The maxim holds that people move right as they grow older. I moved left. In each case, I was in the minority. Only one other child wore Goldwater buttons in 1964 at Kenilworth School, Barry's alma mater; LBJ buttons were in profusion. Later I handed out leaflets for state Rep. Betty Adams Rockwell. In high school, I manned the phones for Jack Williams and Richard Nixon. Even on a shallow, but oh-so-important level for a high-school boy (oh, I've grown up, honest...), being a Teen Age Republican was a lonely avocation. Back then, all the pretty girls, much less the pretty and smart girls, were Democrats. There were certainly no blond goddesses such as Monica Goodling, who led the hiring thought police at the Bush Justice Department.
As a young columnist, I staked out what at the time was the Dead Career Zone in newspapers, as a supporter of free markets, free trade and limited government. Now I feel the need to put all of those goals in quotation marks. For I did move left, knowing, as Whittaker Chambers said in a different context, "that I am leaving the winning side for the losing side."

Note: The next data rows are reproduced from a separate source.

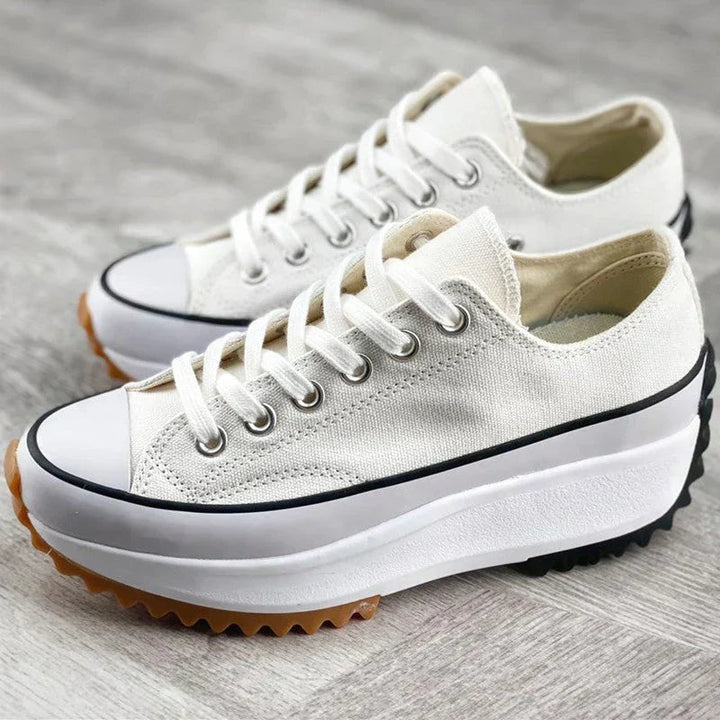 Damen Plateau-Sneaker mit Orthopädischer Unterstützung für Komfort und Stil 6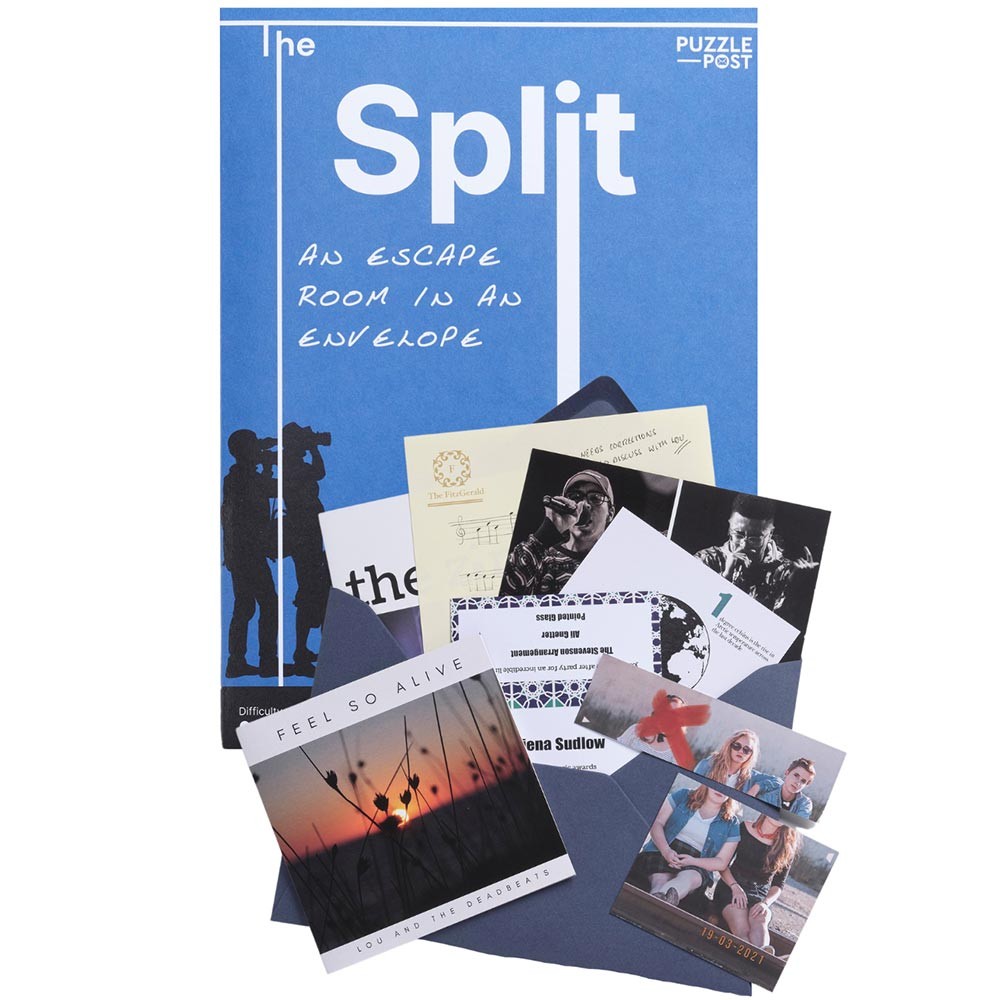 The Split Escape Room in an Envelope by Puzzle Post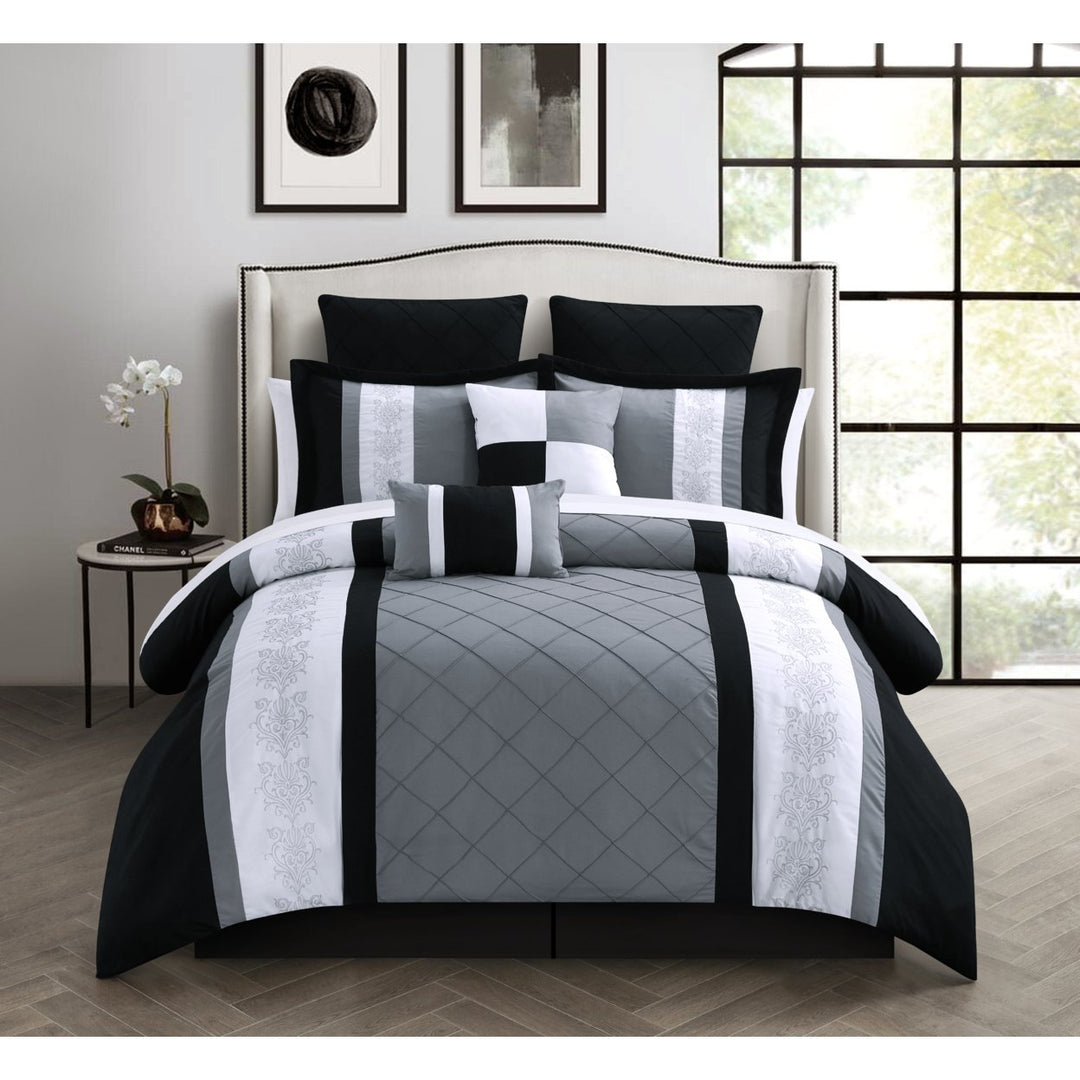 Livingston Oversized and Overfilled Comforter Set (8-Piece) Image 1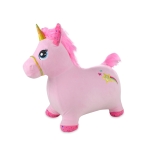 Детско подскачащо конче със звук розово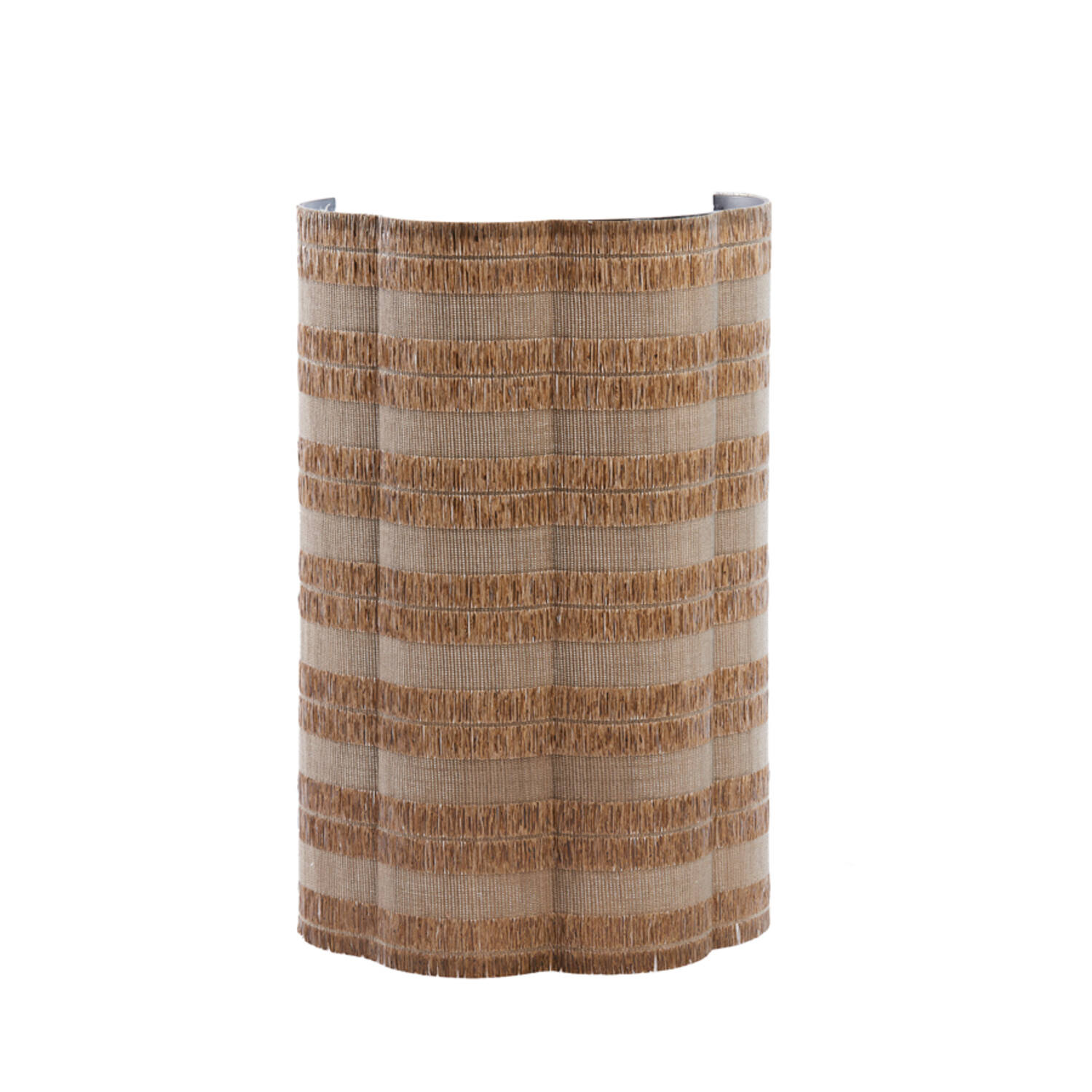 Pantalla beige con flecos Light & Living Verdantia – H. 40 cm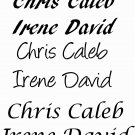 Kids Names Custom Order 2 inch high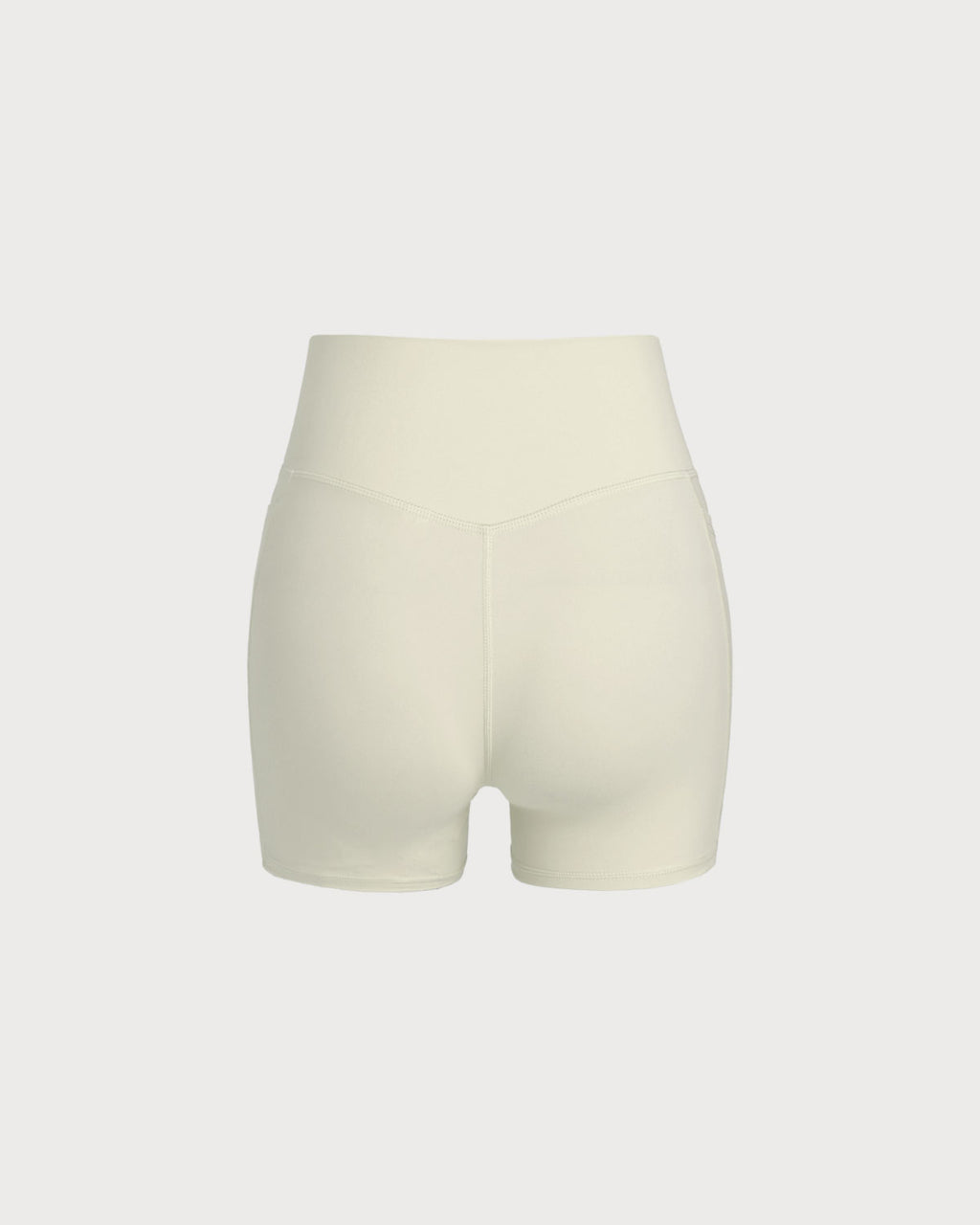 Women's Knit Nylon Side Pocket Yoga Shorts Yoga Bottoms - RIHOAS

I must say a few things in my defense besides "young" and "stupid." I was raised in a staunchly Republican family, where my grandmother never voted for a Democrat again because of the way Woodrow Wilson treated Theodore Roosevelt. My mother was involved in Arizona GOP politics. It was an intensely political household, with dinner-table conversations over public policy. My mother's rule was that one could take any position, as long as he could defend it with learning and logic. Barry Goldwater was an icon and seemed to embody the best of Arizona and the West, as did leaders such as Paul Fannin and John J. Rhodes. In a house of books, I gravitated to the ones that tended to support my positions — a fatal intellectual flaw, of course. Buckley and Goldwater conservatism encouraged independent thinking, as opposed to the rigid ideologies of the left, or so it seemed. Growing up in old Arizona, I was in a sparsely populated place where abstractions seemed borne out by everything around us. And the existential struggle of the Cold War towered above all else; here the Republicans seemed stronger, no small thing.